De acordo com o levantamento, 37,7% dos domicílios do Norte e 34,8% dos domicílios do Nordeste enfrentam algum grau de insegurança alimentar. Em contraste, o Sul registrou a menor taxa entre as regiões, com 13,5%, número quase três vezes menor que o observado no Norte.
Os estados com os maiores percentuais de domicílios em situação de insegurança alimentar são:
•Pará – 44,6%
•Roraima – 43,6%
•Amazonas – 38,9%
•Bahia – 37,8%
•Pernambuco – 35,3%
•Maranhão – 35,2%
•Alagoas – 35%
•Sergipe – 35%
Nas demais regiões, o Centro-Oeste registrou 20,5% de domicílios com insegurança alimentar, enquanto o Sudeste apresentou 19,6%.

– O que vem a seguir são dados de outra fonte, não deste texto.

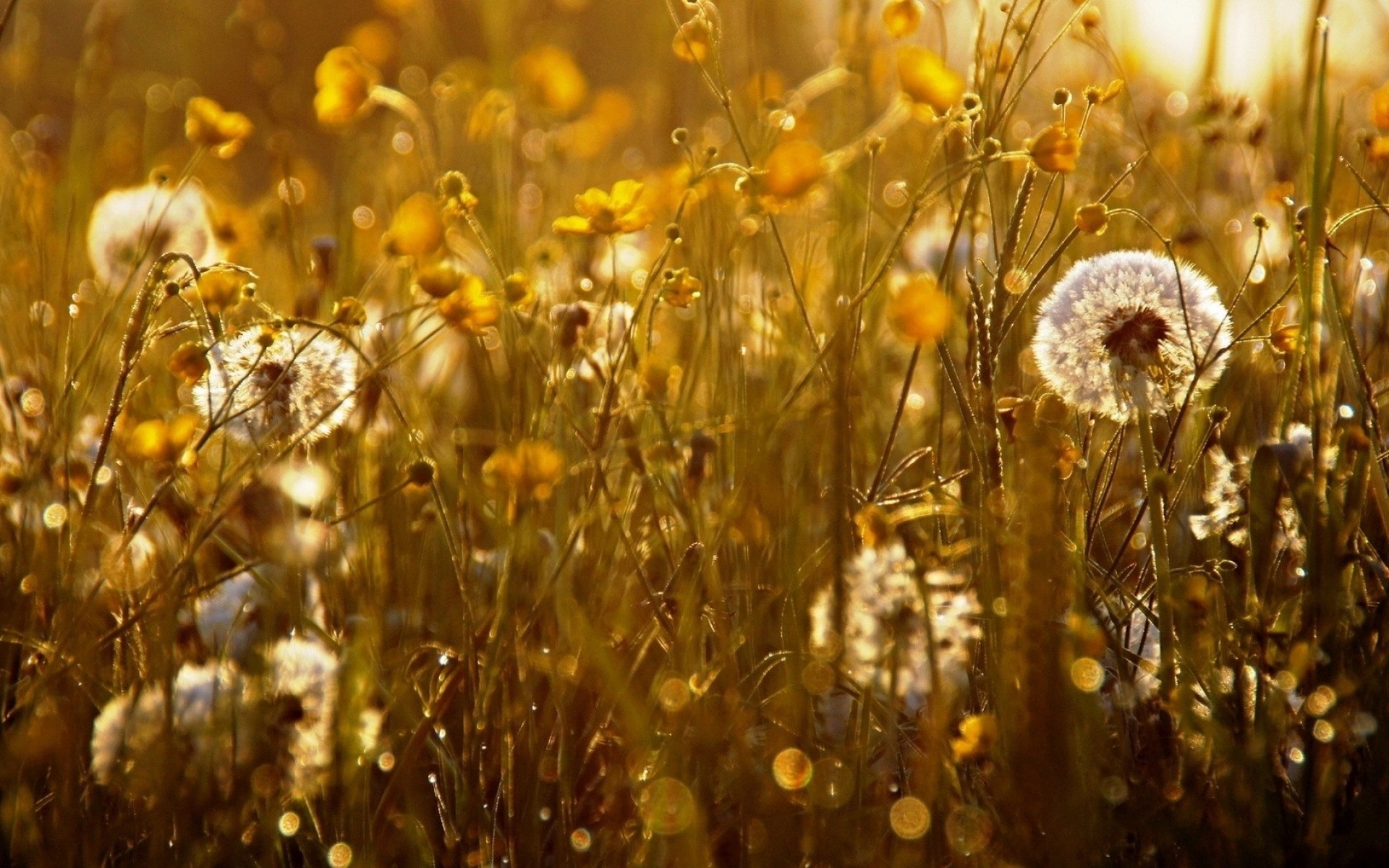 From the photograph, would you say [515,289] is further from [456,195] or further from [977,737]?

Em números absolutos, o Nordeste lidera com 7,2 milhões de domicílios afetados, seguido pelo Sudeste (6,6 milhões), Norte (2,2 milhões), Sul (1,6 milhão) e Centro-Oeste (1,3 milhão).
Segundo a analista da pesquisa, Maria Lucia Vieira, a análise proporcional revela desigualdades regionais mais severas no Norte e Nordeste, mas a quantidade de famílias em situação de vulnerabilidade é expressiva também no Sudeste devido à maior concentração populacional.
O estudo ainda mostra que a insegurança alimentar é mais presente nas áreas rurais (31,3%) do que nas urbanas (23,2%).
“Esses dados vão um pouco contra a intuição de que, no campo, as famílias produzem seu próprio alimento e, portanto, estariam em melhor situação. No entanto, muitos domicílios rurais têm baixa renda e maior número de crianças, o que limita a variedade e quantidade de alimentos disponíveis”, explica Maria Lucia.